These names all have a plain and consistent meaning in the Hebrew* language; they all in some way relate to the promise given to Adam and Eve, of a deliverer to be born of a woman, to receive the wound in his heel, but finally to bruise the serpent's head: to this they add that the same person is to be a shepherd and a king, to have a peculiar people or flock, to be slain as a sacrifice, to rise again, and to come the second time as a conqueror and a king. Seth must have known this first promise well, and the sacrifice of Abel being said to be offered in faith shows that he also had the knowledge that the seed of the woman should be slain as a sacrifice. Enoch, a descendant of Seth, with whom he lived for many years, was, we know, a prophet, and prophesied of the second coming of "the Lord with ten thousand of His saints"; and from him Seth might learn those other particulars as to this great Deliverer who was to come, alluded to in some of the emblems. These same emblems or figures are used by all the later prophets whose prophecies are preserved in the Bible,** most frequently containing the same words which we have as the names of stars or constellations.***

* Those who have not studied the Hebrew may be surprised why certain letters are considered as fixing the meaning of the word, and others as of no importance; in that language they are distinguished as radical and servile, a difference which may be traced in all languages. As in English, m, n, t (as th), and s, and all the vowels, are servile, or changeable, modifying, not changing the sense of the word. Thus meat is what we eat, oxen is the plural of ox, they the plural of he, she the feminine of he. The verbs exemplify the changes of the vowels, as sat, set, sit, and sot, one who has sat too long to drink. So of all the Northern dialects. In Arabic, though grammars do not so call them, these letters are used as servile. The Greek affords similar instances; in Latin and all its derived languages, the same usage is obvious. Thus, therefore, in the name Sirius the identity with Seir the Arabic, and Oseir or Osir in the ancient Egyptian, has never been questioned; the English and French Sire, and English Sir, are obvious derivatives from the primitive root of Sirius, which means to rule. Again, in the name Orion, the final n is according to the Arabic usage intensitive, giving force. The word does not perhaps at present exist in this particular form in Hebrew, but is regularly formed by the Hebrew usage, as he who cometh forth, as also by the Arabic, he who cometh. Both these names, however, we have through the Greeks.

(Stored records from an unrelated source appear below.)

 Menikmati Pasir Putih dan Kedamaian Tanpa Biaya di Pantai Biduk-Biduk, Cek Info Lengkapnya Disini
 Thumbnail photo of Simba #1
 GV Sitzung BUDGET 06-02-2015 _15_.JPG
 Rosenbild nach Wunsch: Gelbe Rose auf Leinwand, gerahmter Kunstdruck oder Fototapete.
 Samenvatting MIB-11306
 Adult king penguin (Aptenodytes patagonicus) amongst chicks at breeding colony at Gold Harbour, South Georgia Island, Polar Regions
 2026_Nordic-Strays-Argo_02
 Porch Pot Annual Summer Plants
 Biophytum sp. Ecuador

** From Graves on the Pentateuch, Introduction xxiii, where it is said,

"I would direct the student particularly to Mr. Maurice's history, where in book iv, he will, I think, find it irrefutably established that immemorial traditions diffused over all the East, and derived from a patriarchal source, concerning the fall of man, the original promise, and a future mediator, had taught the gentile world to expect the appearance of a sacred and illustrious personage about the time of Christ's Advent." Graves here refers to his own vol. ii, from p. 311 to 320. He also, p. 307, quotes from Eusebius, Praep. Ev. 9.8, that Unmenius, the Pythagorean philosopher, said that Jannes and Jambres (Chald. Paraph.) were inferior to none in magic skill, and for that reason chosen by common consent to oppose Mussaeus, for so the Egyptians called Moses.

*** Sir W. Jones says, "I am persuaded that a connexion subsisted between the old idolatrous nations of Egypt, India, Greece, and Italy, long before they emigrated to their respective settlements." These are the "ancients" from whom the Greeks derived their comparatively "modern" notions of astronomy. "The astronomy of the ancients" must be looked for in the Egyptian sculpture and hieroglyphic inscriptions mingled with them, as in the planisphere of Dendera, not in the mangled traditions and idle fables of the imitative Greeks. See Second and Third Parts of this work.

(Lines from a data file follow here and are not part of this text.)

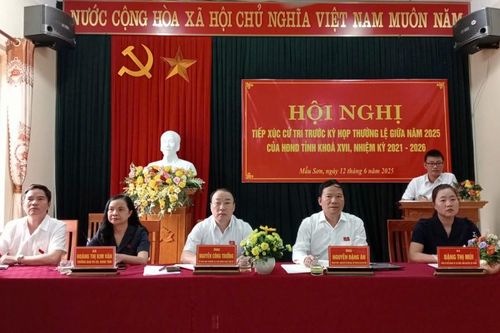 Đại biểu HĐND tỉnh tiếp xúc cử tri chuyên đề vùng biên giới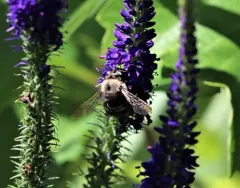 Horse-fly Carpenter Bee thumbnail 1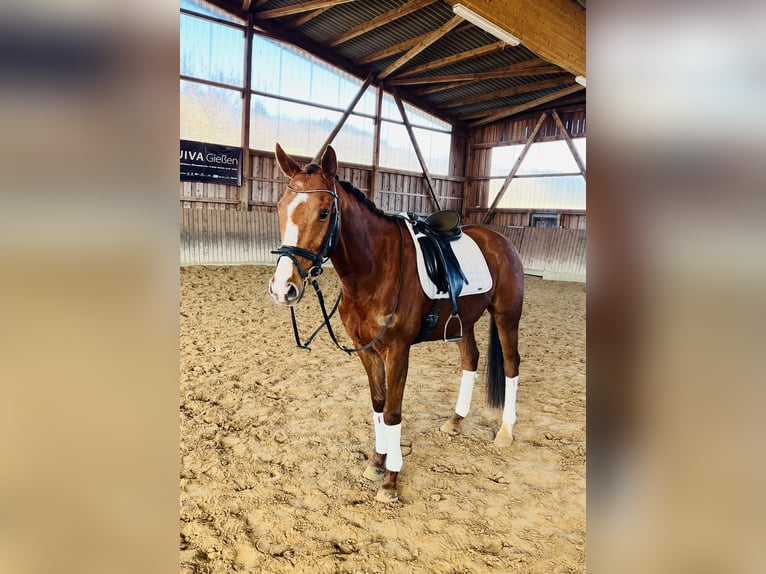 Más caballos de pura sangre Caballo castrado 7 años 164 cm Castaño in Bad Endbach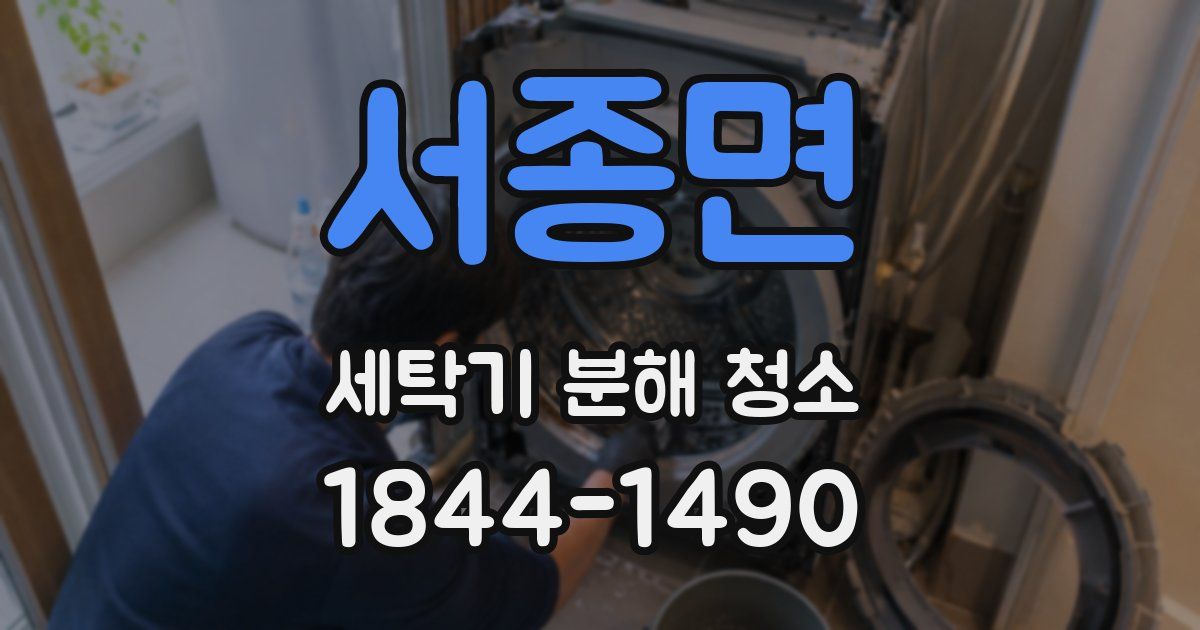 서종면 세탁기 분해 청소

The intention of the inventor of these emblems appears to have been to give a memorial of the promise to Adam, and the other prophecies with which he was acquainted. Those prophecies were the same as were afterwards recorded in the Bible, being that the seed of the woman, who should come, should be the Shepherd and the King of His people, that He should be afflicted, pierced, despised, but afterwards come again in glory and triumph; that He should have a peculiar people, or church, or assembly, who should be united to Him and to each other: the names of the emblems that refer to these prophecies are the very words used by Isaiah, Micah, Malachi, and the other prophets who wrote long after the signs and constellations had been made objects of idolatrous worship by the heathen, and who therefore could not borrow them from those nations. It was said by the ancient Jews that Adam and Seth were both prophets; but as this is uncertain, and as we are told in Scripture that Enoch was such, it is safer to attribute the prophecies figured in the constellations to him. The inventor seems to have chosen to divide the whole circle in which the sun appears to move every year into twelve parts because there are always twelve lunations in that time, and to have made them express twelve important truths about the promised Redeemer, and then to have given three more emblems to each, the constellations above and below the zodiac in that place, which should explain and add to them, and also to have given to them appropriate names, in that language given by the Creator to the first of them. These were called Decans.*

* Decan, division, from )kd, to break.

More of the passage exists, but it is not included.